If you’ve already upgraded your Gmail security—say, with the Google 2FA app, prompts, or passkeys—you’re ahead of the curve. For the rest, SMS lingers as a fall back, propped up by habit or oversight. Why wait? The risks are clear, and better options beckon.
So, what’s next? “Over the next few months, we will be reimagining how we verify phone numbers,” Richendrfer revealed. “Specifically, instead of entering your number and receiving a 6-digit code, you’ll see a QR code being displayed, which you need to scan with the camera app on your phone.” It’s a shift that demands attention. QR codes aren’t flawless—I’ve written plenty about their pitfalls—but this marks a step forward for Gmail’s 1.8 billion users.

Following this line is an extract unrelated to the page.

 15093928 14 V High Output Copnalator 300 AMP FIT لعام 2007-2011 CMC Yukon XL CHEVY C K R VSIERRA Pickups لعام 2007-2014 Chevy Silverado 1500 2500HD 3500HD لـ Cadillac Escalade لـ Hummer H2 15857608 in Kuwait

Google touts three key wins with QR codes. First, they slash phishing risks—no codes exist to steal. Second, they cut dependence on carriers for abuse protection. Third, they blunt the impact of SMS-driven scams. “SMS codes are a source of heightened risk for users,” Richendrfer emphasised. “We’re pleased to introduce an innovative new approach to shrink the surface area for attackers and keep users safer from malicious activity.” He hinted at more to come, though no firm rollout date emerged. The urgency, however, resonates: how long can we afford to wait?
Not everyone’s sold. Mike Britton, chief information officer at Abnormal Security, offered measured praise: “It’s good to see Google get with the times and remove SMS multi-factor authentication due to its well-known insecurities and susceptibility to being exploited.” Yet he flagged a catch. “QR codes are a more secure replacement,” he said, “but they don’t come without their risks when it comes to multi-factor authentication themed attacks.” His team’s data backs this up—27% of QR-based attacks they’ve tracked mimic MFA notifications. Why? Britton pointed to a chilling truth: QR scams lack the red flags we’ve learned to spot in traditional phishing. That novelty hands attackers an edge.
Where does this leave you? Whether it’s Gmail or beyond, Britton’s advice cuts through the noise: “Question any organisation which is proactively asking for credentials, avoid providing sensitive information online and be suspicious of any links sent to you via email.” It’s a call to vigilance in an era of shifting threats.
SMS served its purpose, but its time is up. QR codes may not be perfect, but they sharpen the fight against fraud.